_Material provided_.
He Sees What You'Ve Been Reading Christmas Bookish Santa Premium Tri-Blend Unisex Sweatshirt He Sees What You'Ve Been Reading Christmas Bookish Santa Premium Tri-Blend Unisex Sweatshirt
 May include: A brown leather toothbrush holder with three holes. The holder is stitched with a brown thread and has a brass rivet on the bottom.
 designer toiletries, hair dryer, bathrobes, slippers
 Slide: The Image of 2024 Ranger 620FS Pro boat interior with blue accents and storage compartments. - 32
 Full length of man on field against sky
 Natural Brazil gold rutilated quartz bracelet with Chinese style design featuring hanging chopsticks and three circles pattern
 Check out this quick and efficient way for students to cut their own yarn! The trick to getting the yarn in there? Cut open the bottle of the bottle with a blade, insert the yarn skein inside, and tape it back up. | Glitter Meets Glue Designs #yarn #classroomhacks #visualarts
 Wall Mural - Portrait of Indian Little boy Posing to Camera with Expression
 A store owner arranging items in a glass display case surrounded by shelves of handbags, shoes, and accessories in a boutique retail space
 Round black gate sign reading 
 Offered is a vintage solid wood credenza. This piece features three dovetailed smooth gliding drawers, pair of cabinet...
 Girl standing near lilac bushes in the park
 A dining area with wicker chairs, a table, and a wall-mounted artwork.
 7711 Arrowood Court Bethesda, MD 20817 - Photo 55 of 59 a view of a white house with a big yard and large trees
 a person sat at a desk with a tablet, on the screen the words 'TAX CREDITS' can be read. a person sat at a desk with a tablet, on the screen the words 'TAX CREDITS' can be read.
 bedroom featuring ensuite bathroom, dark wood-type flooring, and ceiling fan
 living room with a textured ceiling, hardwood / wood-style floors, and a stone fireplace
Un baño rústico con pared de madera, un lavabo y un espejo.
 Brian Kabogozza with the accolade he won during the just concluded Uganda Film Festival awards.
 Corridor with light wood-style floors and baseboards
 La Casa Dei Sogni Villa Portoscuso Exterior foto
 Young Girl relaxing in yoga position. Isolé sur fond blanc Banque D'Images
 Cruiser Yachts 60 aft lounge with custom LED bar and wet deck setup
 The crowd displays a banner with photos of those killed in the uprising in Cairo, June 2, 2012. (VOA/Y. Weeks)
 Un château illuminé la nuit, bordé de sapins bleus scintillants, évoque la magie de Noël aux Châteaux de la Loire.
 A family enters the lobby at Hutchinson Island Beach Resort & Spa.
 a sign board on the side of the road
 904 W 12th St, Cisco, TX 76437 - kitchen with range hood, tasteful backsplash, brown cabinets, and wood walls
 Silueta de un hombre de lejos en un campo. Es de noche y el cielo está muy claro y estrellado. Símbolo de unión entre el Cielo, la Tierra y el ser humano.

_Work request_. Between the first line of the entries above and the line with "Wall Mural - Portrait", both included, copy every line exactly and nothing outside that range.

_Task answer_.
He Sees What You'Ve Been Reading Christmas Bookish Santa Premium Tri-Blend Unisex Sweatshirt He Sees What You'Ve Been Reading Christmas Bookish Santa Premium Tri-Blend Unisex Sweatshirt
 May include: A brown leather toothbrush holder with three holes. The holder is stitched with a brown thread and has a brass rivet on the bottom.
 designer toiletries, hair dryer, bathrobes, slippers
 Slide: The Image of 2024 Ranger 620FS Pro boat interior with blue accents and storage compartments. - 32
 Full length of man on field against sky
 Natural Brazil gold rutilated quartz bracelet with Chinese style design featuring hanging chopsticks and three circles pattern
 Check out this quick and efficient way for students to cut their own yarn! The trick to getting the yarn in there? Cut open the bottle of the bottle with a blade, insert the yarn skein inside, and tape it back up. | Glitter Meets Glue Designs #yarn #classroomhacks #visualarts
 Wall Mural - Portrait of Indian Little boy Posing to Camera with Expression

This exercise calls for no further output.